The False Claims Act applies to government programs such as education that provide money to entities or people outside the government. If you have information about education fraud, you may be able to help protect the investments made by students in their education.

Education fraud is an attempt to take advantage of federal and state funds while reducing the opportunities available to students. Education fraud can happen at all levels, from education-related grants, to public schools, all the way up to universities. It may occur on individual levels, as well as institutional.

If you have information about education fraud, you may be able to help protect the investments students make in their education. You may also be able to ensure that research funds and grant funding reach their intended destinations, bettering the quality of education in America. You can help remove bad actors from a system that benefits everyone. Finally, as a whistleblower, you may be able to receive a significant payout in exchange for your honesty in coming forward with information to fight education fraud. Whistleblowers may be entitled to payouts in cases involving successful settlements against fraudsters and scam artists. They may also be able to receive powerful federal and state protections against retaliation.

Do not wait to speak up. For a complimentary consultation about your information, contact an education fraud lawyer at Tycko & Zavareei LLP today. Our whistleblower attorneys can help you understand the choices available to you and how to do the right thing while protecting your own interests. An initial consultation is confidential and free.

Different Types of Education Fraud

Education fraud can cover a wide umbrella of fraudulent activity. Some common kinds of fraud in education may include, but are not limited to:

  • Federal student aid fraud: An individual may perpetuate student aid fraud by providing false information on the FAFSA, or Free Application for Federal Student Aid. However, student aid fraud may also be perpetrated by broader institutions, such as so-called “diploma mills,” certain public colleges, or even ordinary high schools. Churning out false or inadequate diplomas just to make students eligible for loans or federal aid is a kind of education fraud. Schools may fail to provide correct testing methods, or report false rates of student enrollment, retention, or graduation. In even more extreme circumstances, they may falsify results on “ability to benefit” tests that allow students without diplomas or GEDs to qualify for federal aid.
  • For profit colleges scams: For profit colleges are a kind of higher education fraud designed to prey on American dreams of advancement and bettering oneself. For profit college scams often misrepresent their student enrollment rates, professors’ pedigrees, job placement numbers, or other benefits of enrolling. They then milk unsuspecting students who are seeking to learn and enrich their lives for a series of payments that lead to either a useless degree, or no degree at all. Some signs of education scams involve offering false promises, a “guarantee” of a job after graduation, or pressure to enroll in loans or take on more debt.
  • Federal grant fraud: Americorps funds are one of the pools of federal funding often taken advantage of by schools and institutions. Americorps is a national service program that is funded by federal taxes. Americorps volunteers, who are called “members,” receive certain education awards and stipends in exchange for spending three months dedicating themselves to public service. While some Americorps programs involve protecting national parks and preparing for disaster relief programs, many involve mentoring youth, working in impoverished public schools, and meeting many other community education needs. When institutions falsify Americorps service hours, or provide benefits to unqualified individuals, they harm not only the pool of taxpayer funds available, but also more directly, the community that is supposed to benefit from the program.
  • Online education fraud: Online education has risen drastically since the COVID-19 pandemic. Currently, the US estimates around 17 million learners enrolled in online education, according to the World Economic Forum. When online education is backed by any kind of public fund, including paying for courses with federal student aid, student loans, or other kinds of state grant or loan initiatives, instances of fraud can be resolved by whistleblowers stepping forward.
  • Research grant fraud in higher education: Grant fraud may occur in research environments or in higher education. Some kinds of grant fraud involve misreporting results in order to qualify for further aid, failing to disclose other funding sources, falsifying application information, misrepresenting program details or the qualifications of those involved, and failing to properly administer grant funds once awarded.
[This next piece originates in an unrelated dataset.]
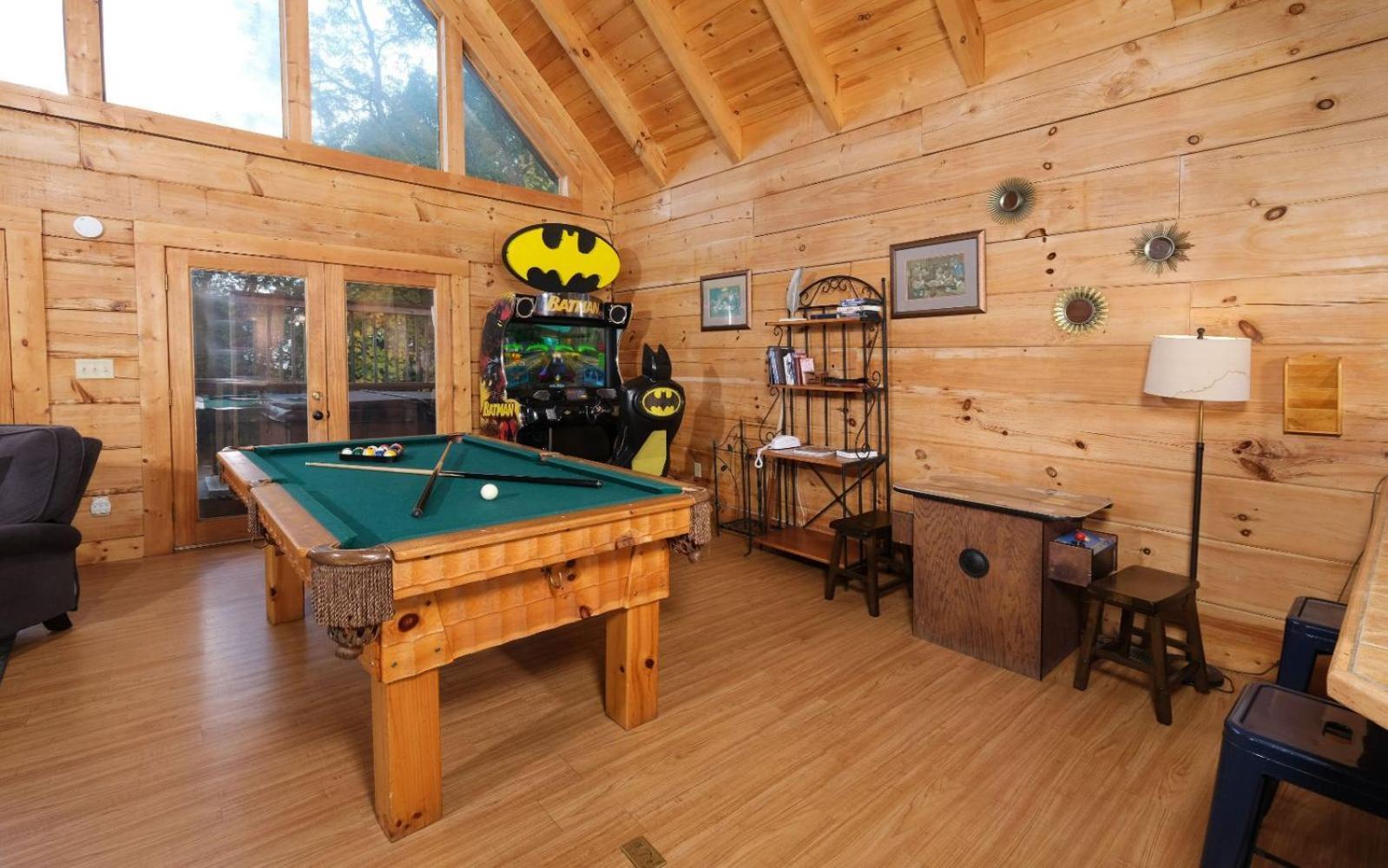 Gigis Getaway * Gatlinburg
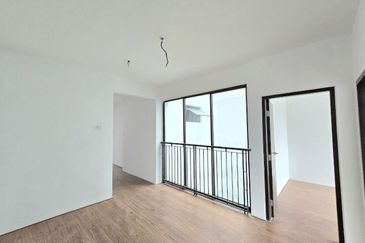 Alam Villas Eco Residences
What is the Higher Education Act?

The Higher Education Act, passed in 1965, effectively increased financial resources available at colleges across the US. It was designed to give students greater access to scholarships and low-interest loans in support of their education. It also increased federal funding for post-secondary schools and universities and created the National Teacher Corps. The Higher Education Act is hotly debated by some sectors of government and expired back in 2013. However, it continues to administer Pell Grants, Stafford Loans, and other education initiatives.
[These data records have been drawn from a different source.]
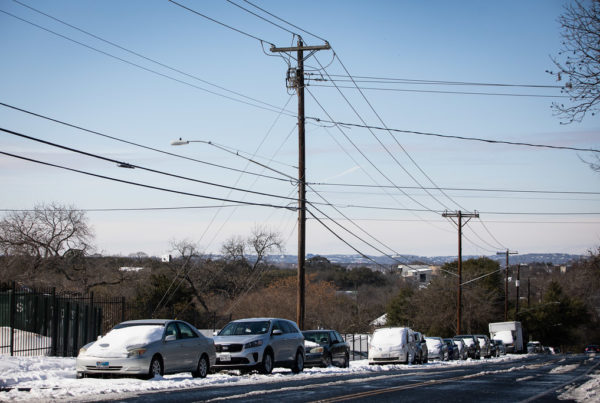 Public Utility Commission Chair Resigns After Leak About Pledge To Protect Profits After Storm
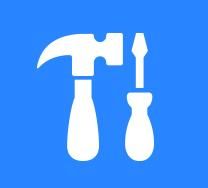 Cig Tailerrak - Icono herramientas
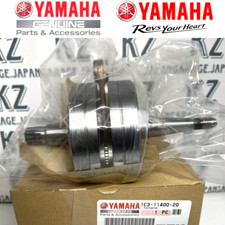 YAMAHA 2005 - 2021 YZ125 YZ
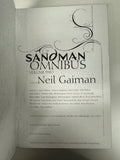 Sandman Omnibus Volume Two 2013 Hard Cover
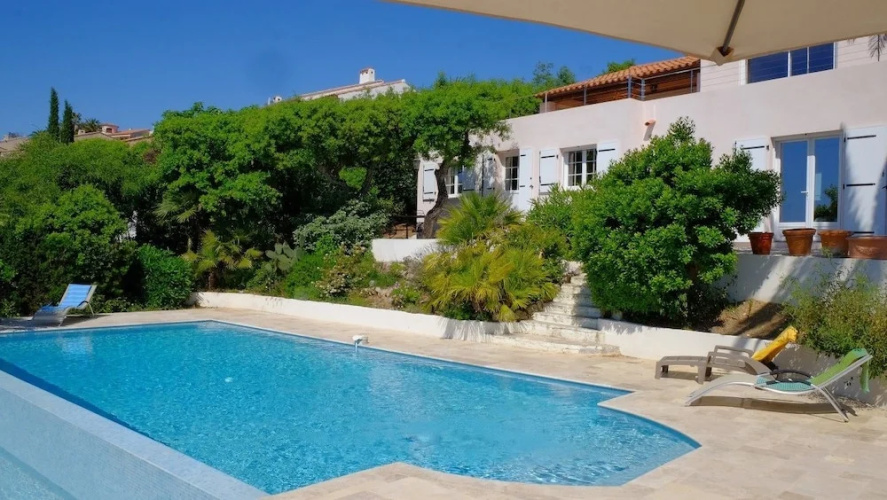 Villa Le Fanal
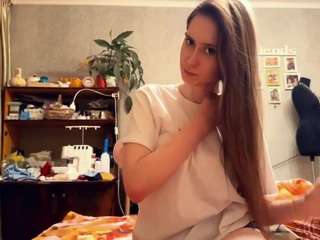 verliehamar Live Webcam on CamSoda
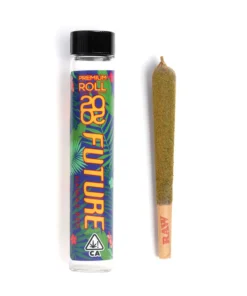 Fruit Punch/Hawaii Red Future Premium Roll
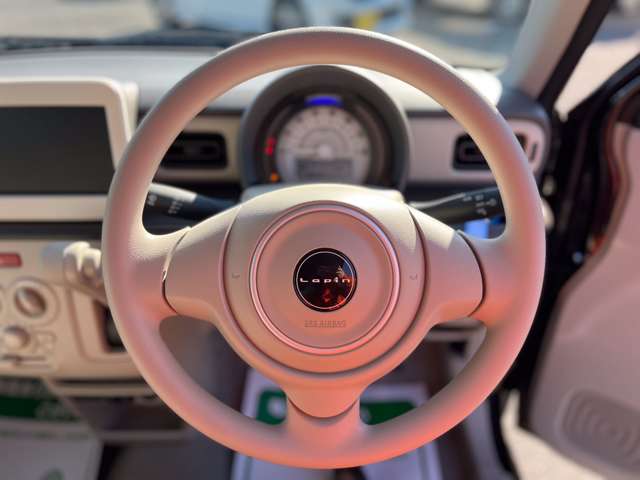 スズキ アルトラパン ６６０ Ｇ R7年 (関東) 99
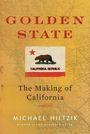 Michael Hiltzik: Golden State, Buch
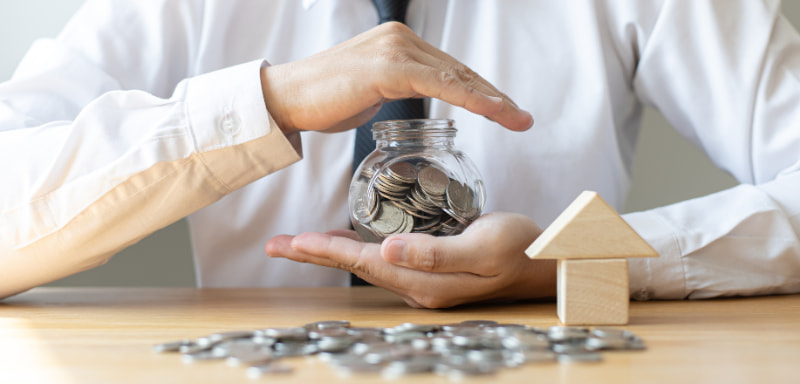 Come risparmiare soldi ogni mese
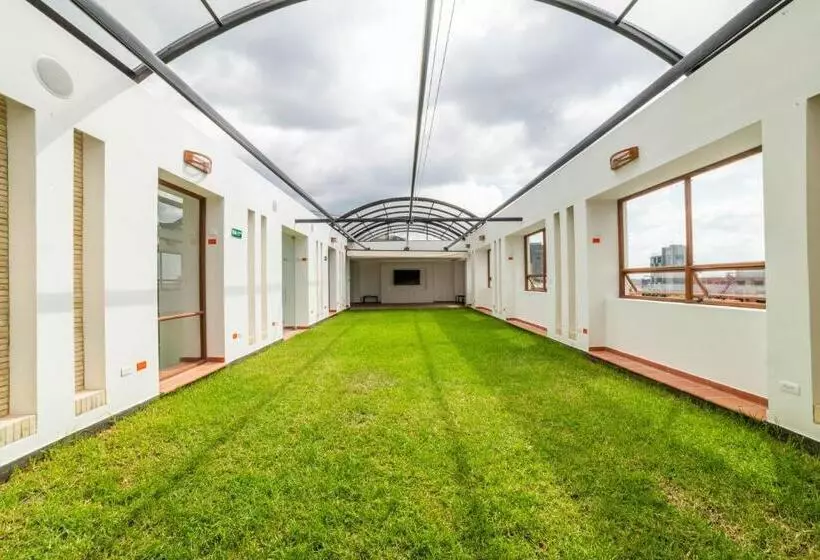 Fotos del hotel Bio Organic Suites:  9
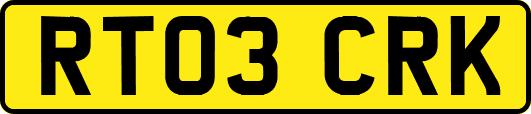 RT03CRK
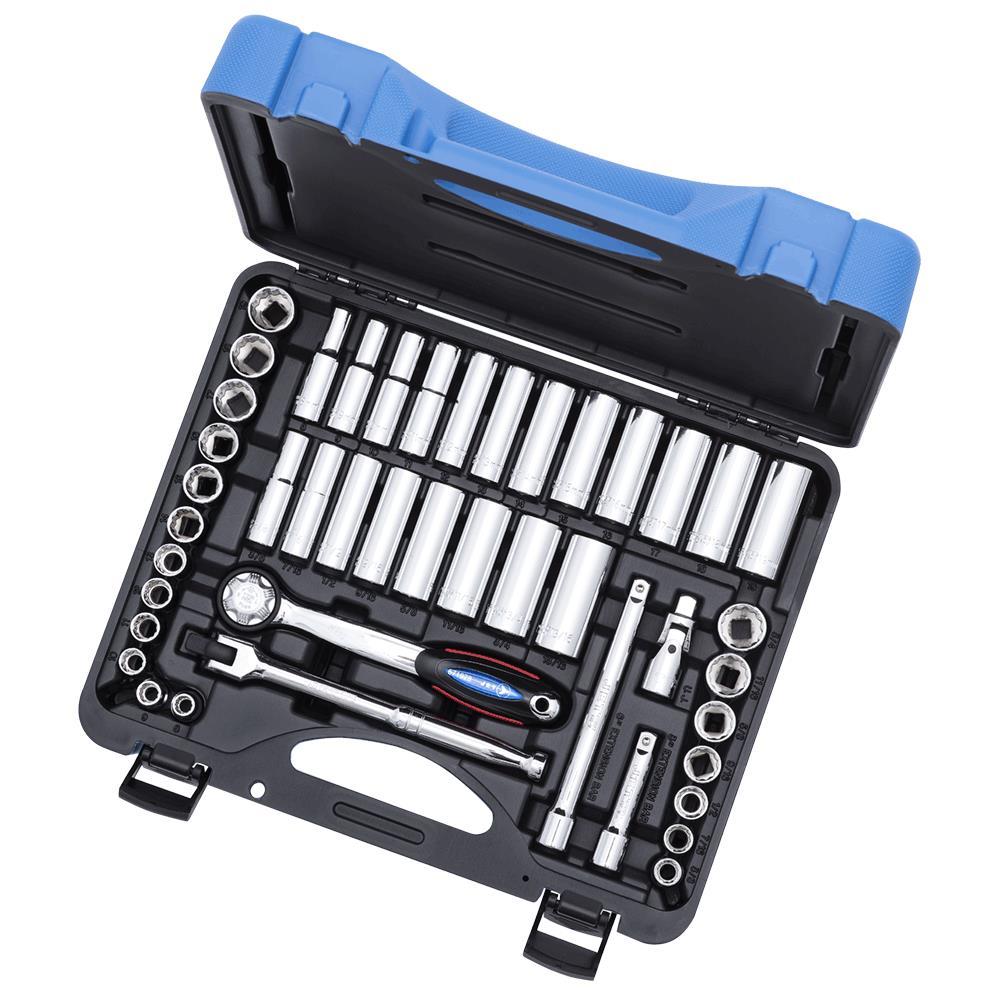 Socket Wrench Sets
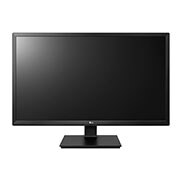 LG 27" UHD 4K Monitor, 27UD59P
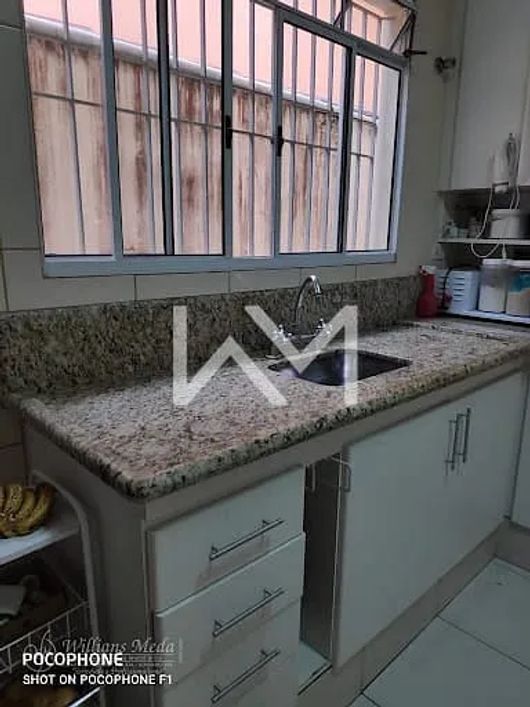 Casa em Jardim Santa Clara - Guarulhos
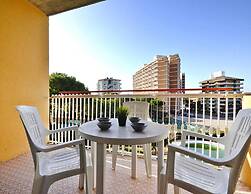 Apartment in Lignano Sabbiadoro Near Cafe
Taking advantage of available funds through these programs under false circumstances is an example of education fraud. More commonly, institutions may falsify the amount of qualifying students they have enrolled in order to receive more aid than they should. If you are an administration official at a school, college, or university receiving federal aid and you suspect education fraud is being committed to divert funds to your employer, you have the ability to speak up as a whistleblower.

The False Claims Act and Education Fraud

The False Claims Act is a powerful federal law designed to protect and incentivize whistleblowers to report fraud. The False Claims Act applies to any false claims made in order to receive undue funding from the government, whether the claim is made by an individual, non-profit, or corporate entity. Each false claim may be subject to up to treble damages, as well as individual financial penalties assessed per claim.
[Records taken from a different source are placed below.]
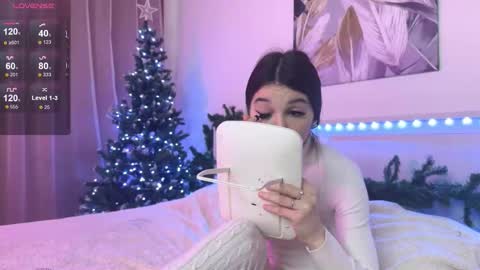 Veronica online show from December 2025 10:11:02 AM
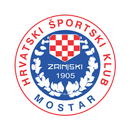 HSK Zrinjski Mostar aplikacja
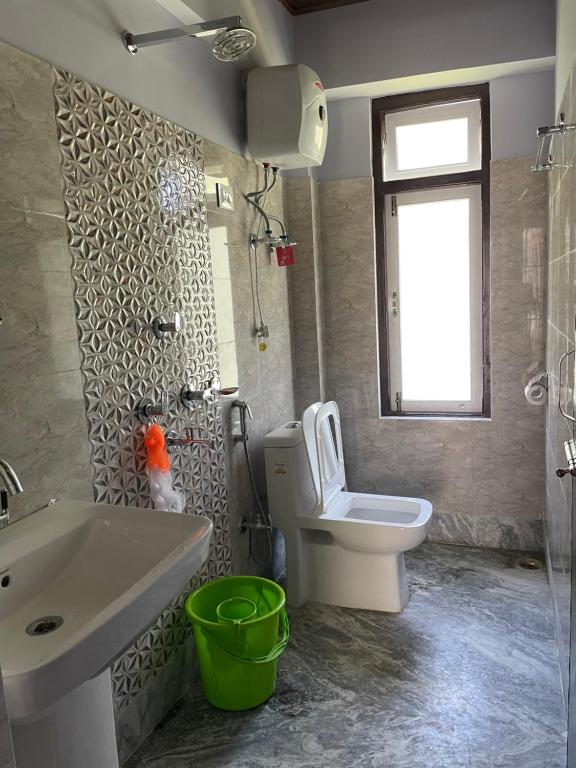 KHIMSHA HOMESTAY photo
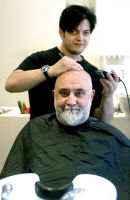 Alexi Sayle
This law allows whistleblowers to bring a suit on behalf of the government. If the case leads to a successful recovery of misappropriated funds, whistleblowers are entitled to receive up to 30 percent of the overall settlement.

How Are Education Fraud Whistleblowers Protected?

The False Claims Act offers protections to whistleblowers who report fraud perpetuated by their employers. For example, whistleblowers are protected from the following employment actions after disclosing information about fraud:

  • Termination
  • Demotion
  • Reduction of pay or hours
  • Harassment or threats
  • Changes in terms of employment

An employee who becomes a whistleblower who is subjected to these kinds of retaliatory actions may sue their employer for damages. They may receive up to double back pay, reinstatement in a previously held position, and reasonable legal fees.

Advantages and Disadvantages of Blowing the Whistle on Education Fraud

Some of the advantages of exposing fraud in schools include:

  • Doing the right thing by students
  • Ensuring student aid and low-interest loans are available to those who qualify
  • Preventing taxpayer fraud
  • Receiving a possible payout as a result of your honesty
  • Protections against retaliation as a whistleblower that would not otherwise be available when dealing with a corrupt employer

Some of the reasons why people may hesitate to step forward to report fraud in schools may include:

  • Fear of retaliation
  • Connections to those performing the fraud
  • Worry about “staying in their lane” or becoming embroiled in a court case
  • Uncertainty about whether their information is worthwhile

A well-versed lawyer can help you understand why you should report education fraud and walk you through every step of the whistleblower process.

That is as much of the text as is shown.